Le 4 octobre 1940, son procès ou plutôt un simulacre, a lieu à Clermont-Ferrand. Il survivra cent jours à son exécution: «Ce n’est qu’en prison qu’on comprend Proust! » Jean Zay, symbole du Front populaire, est victime d’un procès politique et condamné à une peine qui n’avait plus été prononcée depuis Dreyfus. Vichy se venge sur ceux qu’il tient pour responsables de la défaite. En prison, Jean Zay entretient une correspondance quasi quotidienne avec sa femme Madeleine. Et il écrit Souvenirs et solitude sur sa condition de prisonnier et L’Affaire Jean Zay où il démonte les arguments de ses accusateurs.

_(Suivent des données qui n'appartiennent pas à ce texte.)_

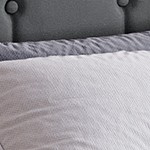 grey(with grb led/socket)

« Nous voulons faire entendre ce récit, dit René Albold, parce que nous croyons en sa force de témoignage et à la dimension émotionnelle que peut prendre cette écriture dans l’espace théâtral. Cette pensée d’un homme dans sa solitude, redevenue parole vivante, pourrait bien nous aider à structurer notre pensée contemporaine. » Sa mise en scène dépouillée nous fait vivre avec intensité les dernières heures de ce grand homme politique, amoureux de la France libre que fut Jean Zay et témoigne de son intégrité et de sa foi dans la justice et la liberté intellectuelle qui constituaient un acte de résistance à la dictature du gouvernement vichyste…
Edith Rappoport
Théâtre de l’Epée de Bois, route du Champ de manœuvre, Cartoucherie de Vincennes (Val-de-Marne), jusqu’au 19 janvier.
*Samedi 12 janvier après la représentation de 16h, entretien avec Hélène Zay-Mouchard, fille de Jean Zay.